** Task details **
Go through the entries below and print, exactly, the lines starting at the one with "YouTube video" and ending at the one with "HUGO Prechodný kabát", keeping both ends and no others.

** The input **
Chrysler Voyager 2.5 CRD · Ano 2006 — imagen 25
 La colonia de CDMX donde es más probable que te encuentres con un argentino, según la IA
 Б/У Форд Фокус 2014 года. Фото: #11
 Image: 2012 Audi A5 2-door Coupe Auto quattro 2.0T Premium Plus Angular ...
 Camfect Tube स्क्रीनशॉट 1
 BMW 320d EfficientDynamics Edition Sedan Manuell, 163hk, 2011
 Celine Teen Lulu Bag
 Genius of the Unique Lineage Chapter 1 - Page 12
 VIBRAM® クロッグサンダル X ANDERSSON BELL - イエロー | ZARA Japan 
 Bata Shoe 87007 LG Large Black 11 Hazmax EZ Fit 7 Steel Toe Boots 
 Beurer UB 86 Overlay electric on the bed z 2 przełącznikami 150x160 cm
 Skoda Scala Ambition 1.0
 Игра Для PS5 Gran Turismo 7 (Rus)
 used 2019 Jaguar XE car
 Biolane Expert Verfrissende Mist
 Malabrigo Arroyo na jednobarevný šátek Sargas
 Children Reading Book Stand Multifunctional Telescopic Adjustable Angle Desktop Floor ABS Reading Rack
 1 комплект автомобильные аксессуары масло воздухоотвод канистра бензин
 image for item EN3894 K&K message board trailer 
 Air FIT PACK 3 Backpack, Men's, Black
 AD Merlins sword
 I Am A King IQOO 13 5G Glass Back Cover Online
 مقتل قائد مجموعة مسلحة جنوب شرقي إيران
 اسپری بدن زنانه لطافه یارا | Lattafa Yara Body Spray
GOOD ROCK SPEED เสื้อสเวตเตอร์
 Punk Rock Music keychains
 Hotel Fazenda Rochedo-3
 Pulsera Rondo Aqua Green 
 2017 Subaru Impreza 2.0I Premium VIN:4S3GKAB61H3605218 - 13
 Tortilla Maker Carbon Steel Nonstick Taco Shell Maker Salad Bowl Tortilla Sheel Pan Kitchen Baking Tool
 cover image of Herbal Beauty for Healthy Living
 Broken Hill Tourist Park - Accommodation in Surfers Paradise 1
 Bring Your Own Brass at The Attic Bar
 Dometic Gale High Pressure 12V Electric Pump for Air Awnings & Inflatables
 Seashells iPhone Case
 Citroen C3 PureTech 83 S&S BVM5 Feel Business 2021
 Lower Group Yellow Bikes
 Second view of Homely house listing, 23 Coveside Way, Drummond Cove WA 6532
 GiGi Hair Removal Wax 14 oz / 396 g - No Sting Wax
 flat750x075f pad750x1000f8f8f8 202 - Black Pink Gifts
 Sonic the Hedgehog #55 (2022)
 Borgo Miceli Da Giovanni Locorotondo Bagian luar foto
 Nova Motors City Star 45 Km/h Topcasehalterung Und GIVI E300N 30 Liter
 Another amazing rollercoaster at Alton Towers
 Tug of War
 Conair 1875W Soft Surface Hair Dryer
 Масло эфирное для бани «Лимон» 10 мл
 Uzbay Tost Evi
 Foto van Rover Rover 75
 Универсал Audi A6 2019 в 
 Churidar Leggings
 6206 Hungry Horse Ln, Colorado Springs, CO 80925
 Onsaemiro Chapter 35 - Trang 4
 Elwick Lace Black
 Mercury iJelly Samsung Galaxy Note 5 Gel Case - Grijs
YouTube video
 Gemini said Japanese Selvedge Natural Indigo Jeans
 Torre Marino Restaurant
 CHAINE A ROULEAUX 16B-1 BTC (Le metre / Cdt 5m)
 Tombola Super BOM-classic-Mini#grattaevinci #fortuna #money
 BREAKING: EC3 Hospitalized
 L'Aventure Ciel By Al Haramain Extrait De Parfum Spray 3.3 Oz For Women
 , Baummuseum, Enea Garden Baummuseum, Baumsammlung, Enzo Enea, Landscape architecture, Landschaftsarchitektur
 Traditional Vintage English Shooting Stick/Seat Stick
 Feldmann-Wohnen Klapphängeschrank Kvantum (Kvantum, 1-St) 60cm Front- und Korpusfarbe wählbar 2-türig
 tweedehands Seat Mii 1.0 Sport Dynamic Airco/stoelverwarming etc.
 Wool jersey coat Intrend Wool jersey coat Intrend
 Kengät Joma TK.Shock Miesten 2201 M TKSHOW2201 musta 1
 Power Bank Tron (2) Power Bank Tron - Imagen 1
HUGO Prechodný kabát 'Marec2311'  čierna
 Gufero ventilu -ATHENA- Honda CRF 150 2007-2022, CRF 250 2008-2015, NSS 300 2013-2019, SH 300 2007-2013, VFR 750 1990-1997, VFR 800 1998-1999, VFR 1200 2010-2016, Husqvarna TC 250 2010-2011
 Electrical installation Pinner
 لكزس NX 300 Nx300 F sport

** Result of this task **
YouTube video
 Gemini said Japanese Selvedge Natural Indigo Jeans
 Torre Marino Restaurant
 CHAINE A ROULEAUX 16B-1 BTC (Le metre / Cdt 5m)
 Tombola Super BOM-classic-Mini#grattaevinci #fortuna #money
 BREAKING: EC3 Hospitalized
 L'Aventure Ciel By Al Haramain Extrait De Parfum Spray 3.3 Oz For Women
 , Baummuseum, Enea Garden Baummuseum, Baumsammlung, Enzo Enea, Landscape architecture, Landschaftsarchitektur
 Traditional Vintage English Shooting Stick/Seat Stick
 Feldmann-Wohnen Klapphängeschrank Kvantum (Kvantum, 1-St) 60cm Front- und Korpusfarbe wählbar 2-türig
 tweedehands Seat Mii 1.0 Sport Dynamic Airco/stoelverwarming etc.
 Wool jersey coat Intrend Wool jersey coat Intrend
 Kengät Joma TK.Shock Miesten 2201 M TKSHOW2201 musta 1
 Power Bank Tron (2) Power Bank Tron - Imagen 1
HUGO Prechodný kabát 'Marec2311'  čierna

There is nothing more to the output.